Ary Abittan derweil hat damit zu kämpfen, dass de Chauverons Skript keine konstante Stimme für den Grenzpolizisten findet: Er ist ein als clever geltender, doppelmoralischer Charmeur, der seine Beziehung leichtsinnig aufs Spiel setzt und der kurz vor einer Beförderung steht, aber von einer Dummheit in die nächste stolpert. Abittan gelingt es trotzdem, dieser Rolle mit einem gewinnenden Strahlemannlächeln und präzisem komödiantischen Timing humorigen Pepp zu verleihen. Wenn Abittan zum Opfer einer Verwechslung und selber für einen Flüchtling gehalten wird, schrammt de Chauveron auch kurzzeitig die politischen Implikationen seines Themas und führt vor, was Flüchtlinge so durchmachen – trotzdem lässt der Regisseur zu keinem Zeitpunkt Zweifel daran aufkommen, einfach nur unterhalten zu wollen.
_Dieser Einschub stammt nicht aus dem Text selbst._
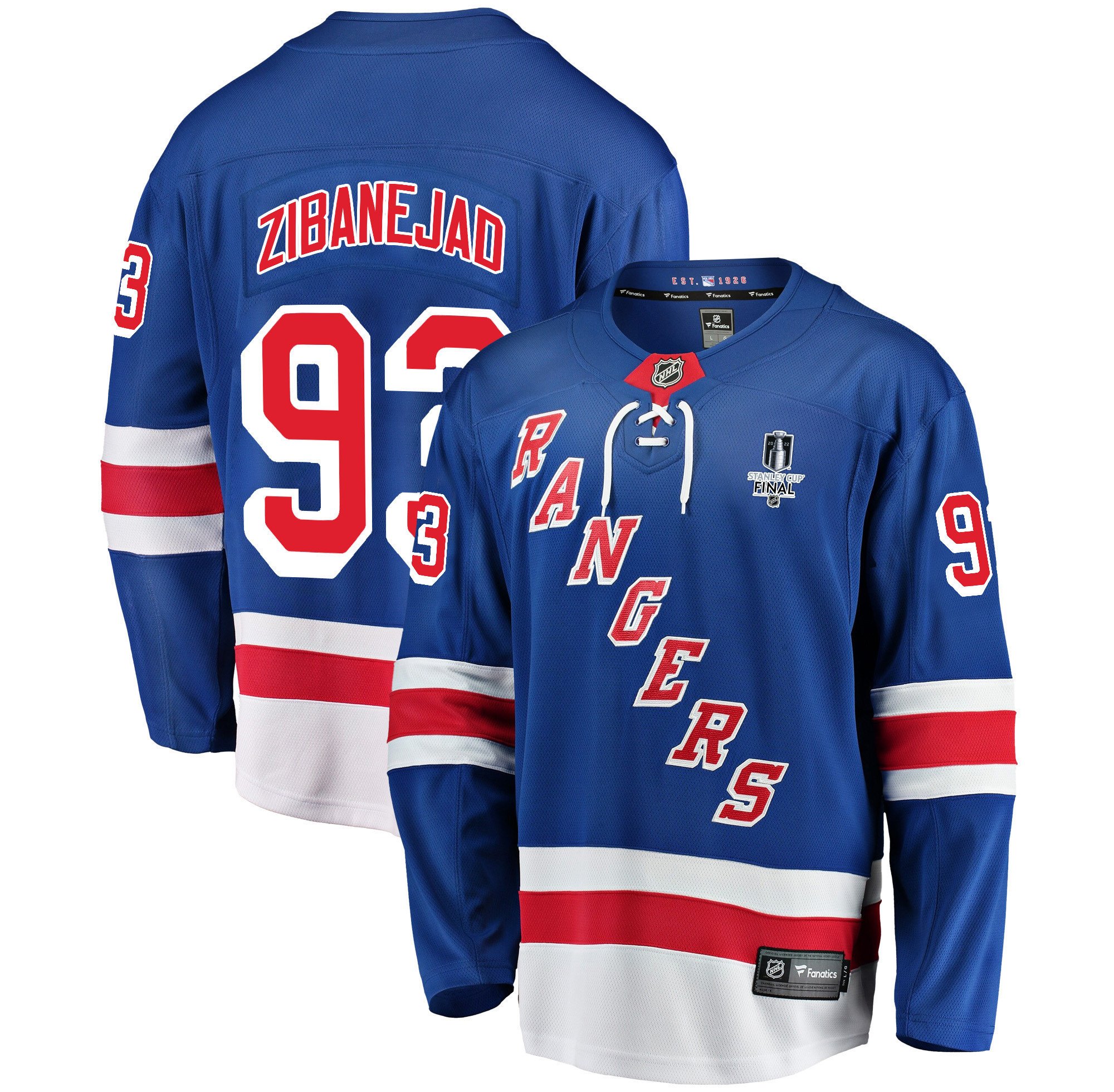 New York Rangers Mika Zibanejad 93 Home 2022 Stanley Cup Final Breakaway Men Jersey - Blue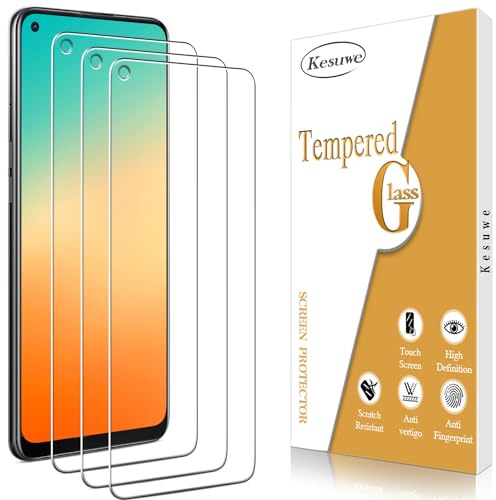Kesuwe 3 Pièces Verre Trempé pour OPPO A74 4G / A94 5G, Anti Rayures | Dureté 9H Film Protection écran, Haut Définition, sans Bulles, Installation Facile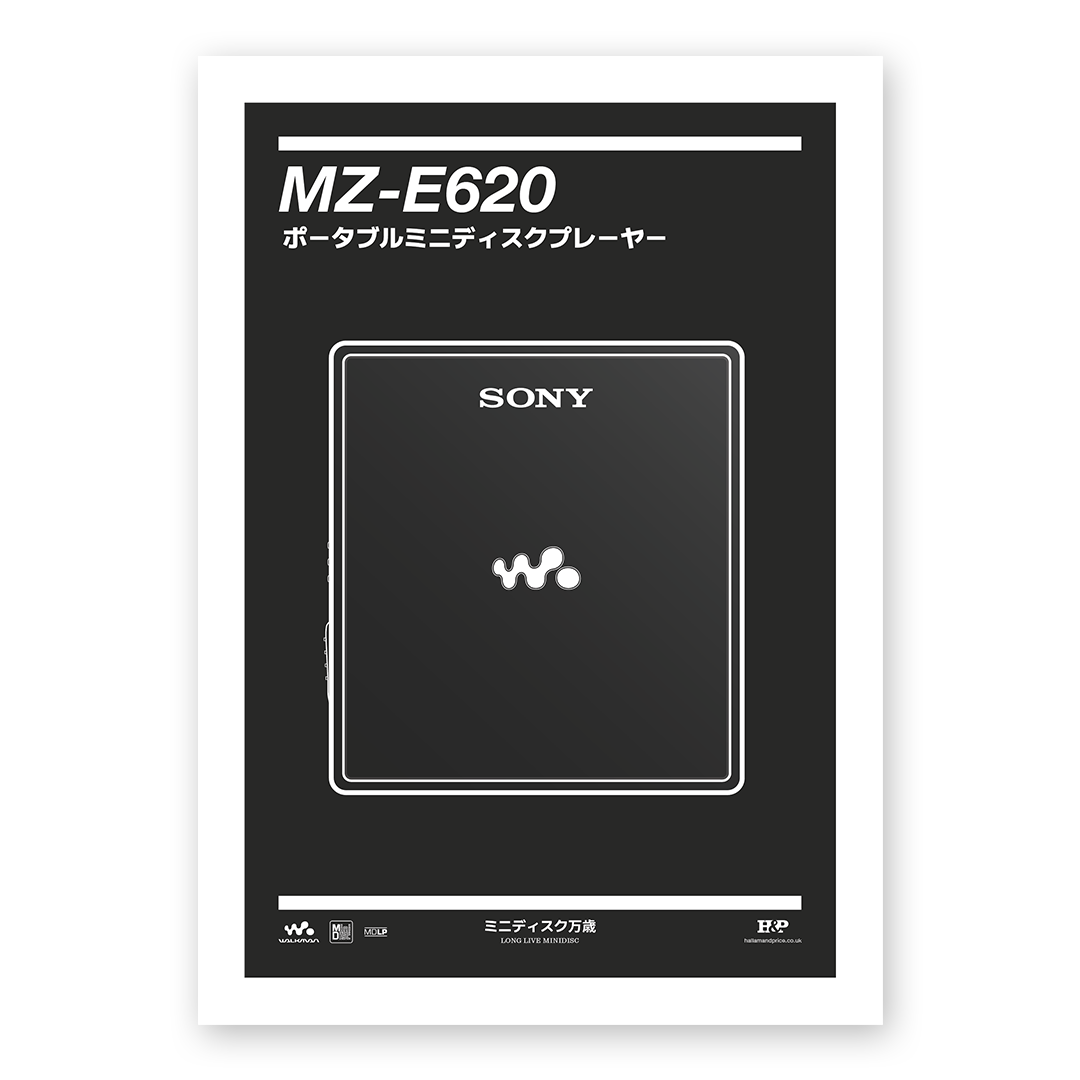 An original Sony MZ-E620 MiniDisc player poster design - a minimal illustration of Sony's iconic MZ-E620 MD player in the black colour way, on a clean black background.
Viel mehr dreht er die Gagquote weiter auf – zumindest bis zum Finale. Die letzten Minuten plätschern einfach nur aus, und spitzfindige Zuschauer werden ihm für die Schlusspointe erneut Doppelmoral attestieren.
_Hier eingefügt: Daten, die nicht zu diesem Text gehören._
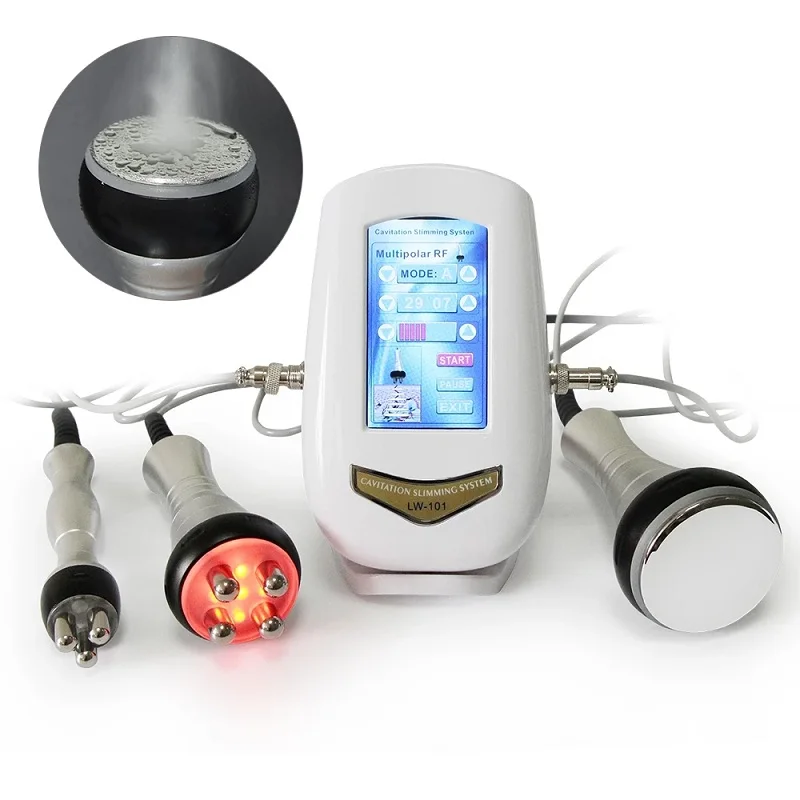 

Metal Wand 3 in 1 Ultrasonic 40K Cavitation RF Machine 5MHz Radio Frequency Face Skin Lift Body Fat Burner Slimming Weight Lose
Gemeinhin ist «Alles außer Kontrolle!» aber de Chauverons spritzigere und launigere Regiearbeit – auch wenn sie längst nicht so zielsicher (und kontroverserweise) den Zeitgeist trifft wie der konzeptuell leichter zu verkaufende «Monsieur Claude und seine Töchter».
Fazit: Nach einigen Startproblemen wandelt sich «Alles unter Kontrolle!» zu einem flotten Chaosspaß.
«Alles unter Kontrolle!» ist ab dem 20. April 2017 in ausgewählten deutschen Kinos zu sehen.